= What needs to be done =
Please reproduce the listing word for word. Pictures stay out.

= Information provided =
----

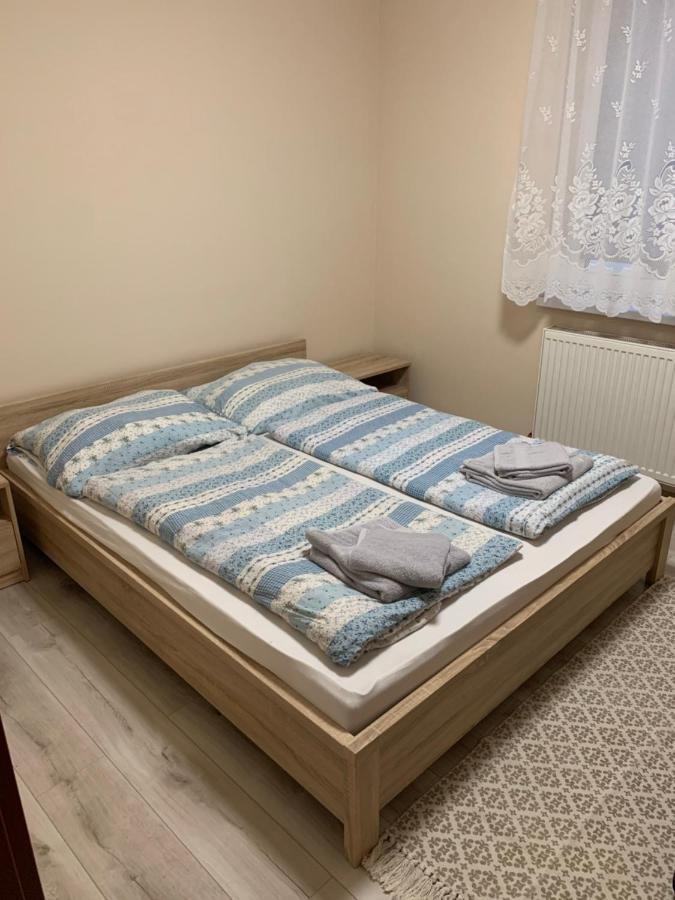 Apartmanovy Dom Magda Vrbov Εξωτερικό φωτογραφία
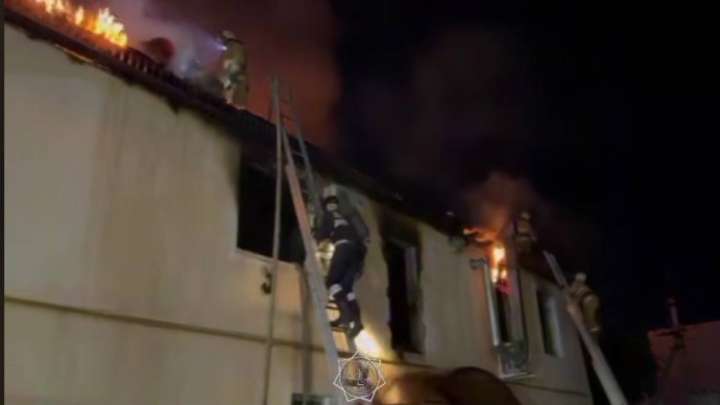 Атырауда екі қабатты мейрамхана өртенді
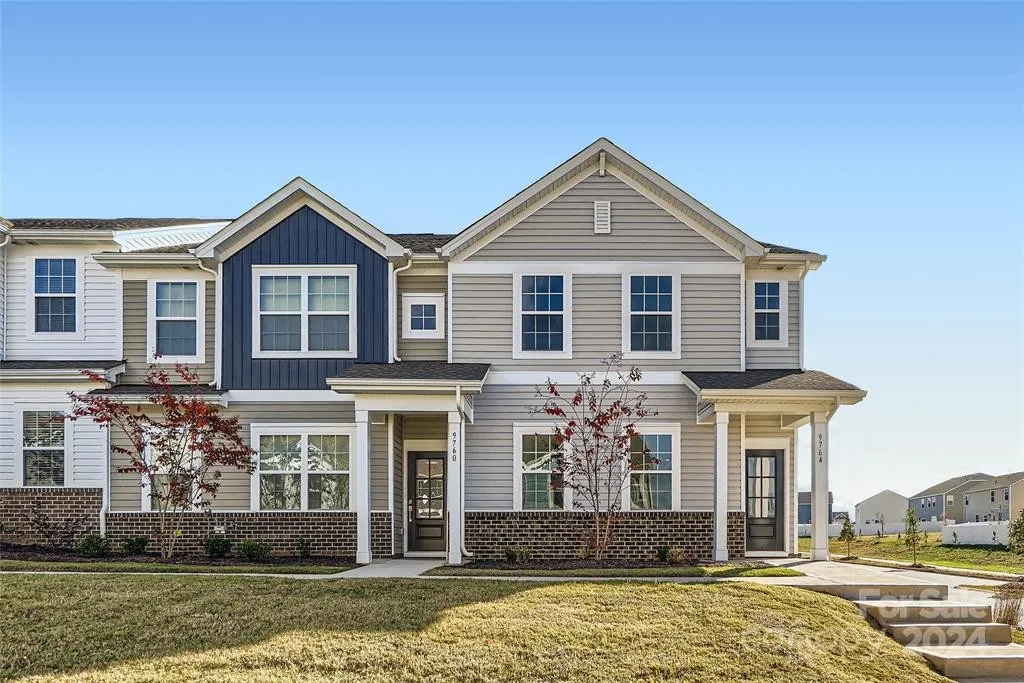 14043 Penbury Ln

----

= Expected answer =
 Apartmanovy Dom Magda Vrbov Εξωτερικό φωτογραφία
 Атырауда екі қабатты мейрамхана өртенді
 14043 Penbury Ln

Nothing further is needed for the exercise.